Deactivating my personal FB account has definitely been the right decision for me, even though it has not been easy. I have been tempted many times to reactivate with just a few clicks of my mouse. It would be so easy! I'd have all my "friends" back, I'd know everything about what is going on in their lives, and I could share to my hearts content about what I was doing, what I was eating, what I was thinking when I got cut off in traffic. But after reading this article "Is Facebook Making Us Lonely?" (http://www.theatlantic.com/magazine/archive/2012/05/is-facebook-making-us-lonely/8930/#) I have to wonder if I even want to enter back into the Facebook world.

The reason I left for a bit is simply this: I was spending too much time on it, and the more time I spent the more isolated I began to feel. I had begun to replace face to face interaction with online interaction. I was neglecting my true heart and what it needed more.

I'm not saying all FB or online interaction is false or fake or useless, please don't hear that.  I believe it is highly valuable, especially being a word person.
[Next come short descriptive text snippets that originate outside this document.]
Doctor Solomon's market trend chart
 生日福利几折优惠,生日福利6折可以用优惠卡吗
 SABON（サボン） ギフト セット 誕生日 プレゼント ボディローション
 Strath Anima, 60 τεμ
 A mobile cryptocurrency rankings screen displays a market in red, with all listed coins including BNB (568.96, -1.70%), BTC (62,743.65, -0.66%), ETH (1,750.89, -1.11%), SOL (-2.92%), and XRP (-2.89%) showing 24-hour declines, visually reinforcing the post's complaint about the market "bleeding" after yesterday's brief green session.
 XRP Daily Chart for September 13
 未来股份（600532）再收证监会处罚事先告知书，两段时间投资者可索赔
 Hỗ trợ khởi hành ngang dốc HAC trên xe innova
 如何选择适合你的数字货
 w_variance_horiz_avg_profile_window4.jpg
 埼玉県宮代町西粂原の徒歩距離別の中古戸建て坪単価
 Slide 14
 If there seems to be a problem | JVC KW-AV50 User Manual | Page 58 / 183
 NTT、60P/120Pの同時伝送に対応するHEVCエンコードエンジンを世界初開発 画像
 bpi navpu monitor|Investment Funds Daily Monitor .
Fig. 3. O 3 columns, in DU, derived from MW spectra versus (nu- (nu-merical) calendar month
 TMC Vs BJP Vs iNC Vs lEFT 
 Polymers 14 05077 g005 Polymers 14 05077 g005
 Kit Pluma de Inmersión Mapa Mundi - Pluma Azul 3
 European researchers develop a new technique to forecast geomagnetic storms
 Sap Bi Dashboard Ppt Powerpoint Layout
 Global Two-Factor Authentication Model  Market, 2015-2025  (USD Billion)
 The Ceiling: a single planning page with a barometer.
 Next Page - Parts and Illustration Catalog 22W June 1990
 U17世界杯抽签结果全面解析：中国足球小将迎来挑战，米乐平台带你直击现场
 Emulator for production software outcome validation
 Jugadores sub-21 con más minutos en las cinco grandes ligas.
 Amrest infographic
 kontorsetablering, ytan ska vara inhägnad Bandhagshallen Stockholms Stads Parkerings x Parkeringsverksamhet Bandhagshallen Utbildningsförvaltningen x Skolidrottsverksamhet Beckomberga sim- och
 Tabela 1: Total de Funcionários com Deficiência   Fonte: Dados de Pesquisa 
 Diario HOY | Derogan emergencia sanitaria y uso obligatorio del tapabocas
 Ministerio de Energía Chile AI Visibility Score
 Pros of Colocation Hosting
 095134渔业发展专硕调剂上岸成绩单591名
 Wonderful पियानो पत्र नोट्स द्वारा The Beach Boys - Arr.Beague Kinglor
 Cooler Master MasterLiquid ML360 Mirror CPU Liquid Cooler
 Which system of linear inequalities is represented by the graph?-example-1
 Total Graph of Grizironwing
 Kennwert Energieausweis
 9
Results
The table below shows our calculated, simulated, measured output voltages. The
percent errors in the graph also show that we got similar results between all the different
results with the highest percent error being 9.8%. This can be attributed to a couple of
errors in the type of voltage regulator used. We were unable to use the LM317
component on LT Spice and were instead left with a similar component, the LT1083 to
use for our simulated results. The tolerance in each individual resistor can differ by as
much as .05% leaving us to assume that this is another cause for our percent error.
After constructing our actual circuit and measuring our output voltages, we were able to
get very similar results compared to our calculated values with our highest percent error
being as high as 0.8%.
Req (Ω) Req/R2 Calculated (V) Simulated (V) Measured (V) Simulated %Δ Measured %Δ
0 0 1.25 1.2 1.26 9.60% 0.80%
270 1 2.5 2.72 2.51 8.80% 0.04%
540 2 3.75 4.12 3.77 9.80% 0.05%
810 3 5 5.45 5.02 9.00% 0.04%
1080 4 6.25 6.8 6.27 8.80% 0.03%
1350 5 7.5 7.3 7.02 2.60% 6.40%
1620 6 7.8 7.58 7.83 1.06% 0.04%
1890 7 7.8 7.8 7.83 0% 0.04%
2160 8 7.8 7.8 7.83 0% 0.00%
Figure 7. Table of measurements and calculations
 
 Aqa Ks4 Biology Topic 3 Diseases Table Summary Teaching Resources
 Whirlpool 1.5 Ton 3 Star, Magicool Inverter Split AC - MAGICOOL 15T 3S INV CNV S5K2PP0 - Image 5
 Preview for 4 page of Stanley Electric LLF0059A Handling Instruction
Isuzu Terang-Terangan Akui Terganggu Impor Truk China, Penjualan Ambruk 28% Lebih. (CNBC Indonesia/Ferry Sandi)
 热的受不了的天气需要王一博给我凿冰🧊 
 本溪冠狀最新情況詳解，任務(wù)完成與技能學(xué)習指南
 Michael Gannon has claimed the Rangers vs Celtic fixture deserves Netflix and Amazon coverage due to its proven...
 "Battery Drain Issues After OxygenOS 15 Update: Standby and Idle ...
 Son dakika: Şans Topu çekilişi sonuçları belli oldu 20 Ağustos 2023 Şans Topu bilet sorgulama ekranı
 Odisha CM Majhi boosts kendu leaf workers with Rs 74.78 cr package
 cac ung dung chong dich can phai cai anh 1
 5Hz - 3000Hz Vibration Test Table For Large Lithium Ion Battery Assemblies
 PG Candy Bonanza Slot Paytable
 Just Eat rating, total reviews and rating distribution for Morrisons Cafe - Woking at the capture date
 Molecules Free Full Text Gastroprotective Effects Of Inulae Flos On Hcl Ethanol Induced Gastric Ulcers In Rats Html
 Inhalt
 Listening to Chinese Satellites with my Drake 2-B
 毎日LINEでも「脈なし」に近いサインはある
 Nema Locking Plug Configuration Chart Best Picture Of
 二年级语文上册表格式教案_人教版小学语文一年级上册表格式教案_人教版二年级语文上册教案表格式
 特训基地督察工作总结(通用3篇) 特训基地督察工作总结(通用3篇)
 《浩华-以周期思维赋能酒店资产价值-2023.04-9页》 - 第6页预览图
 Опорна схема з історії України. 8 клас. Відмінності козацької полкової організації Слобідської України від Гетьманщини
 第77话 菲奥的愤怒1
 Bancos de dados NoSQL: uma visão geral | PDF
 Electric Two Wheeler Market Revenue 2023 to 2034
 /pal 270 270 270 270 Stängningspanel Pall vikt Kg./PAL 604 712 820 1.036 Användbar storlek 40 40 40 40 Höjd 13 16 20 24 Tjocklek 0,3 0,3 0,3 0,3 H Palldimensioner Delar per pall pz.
I have many friends with whom I've interacted with on different levels on FB (from deep conversations to silly comment wars), and these interactions have definitely translated to our real world friendships.  However, I became more dependent on the online interactions than the face to face, which is why I relate to this article so much.

I am so lucky to have wonderful friends that support me and hang out with me offline, and this deactivation period has really made me realize how much I need and love my face time with them.  I highly, HIGHLY recommend reading this article, especially if you log onto FB even semi-daily. A few really great paragraphs I  completely agreed with are below. I'd love to hear your take on this as well, please utilize the comment option here on the blog. Or wait... Give me a call and we can talk about it. Better yet, let's do a face to face coffee! Let's turn this lonely trend around, starting in our little corner of the world.

"Our  omnipresent new technologies lure us toward increasingly superficial connections at exactly the same moment that they make avoiding the mess of human interaction easy. The beauty of Facebook, the source of its power, is that it enables us to be social while sparing us the embarrassing reality of society—the accidental revelations we make at parties, the awkward pauses, the farting and the spilled drinks and the general gaucherie of face-to-face contact. Instead, we have the lovely smoothness of a seemingly social machine. Everything’s so simple: status updates, pictures, your wall.
But the price of this smooth sociability is a constant compulsion to assert one’s own happiness, one’s own fulfillment. Not only must we contend with the social bounty of others; we must foster the appearance of our own social bounty. Being happy all the time, pretending to be happy, actually attempting to be happy—it’s exhausting."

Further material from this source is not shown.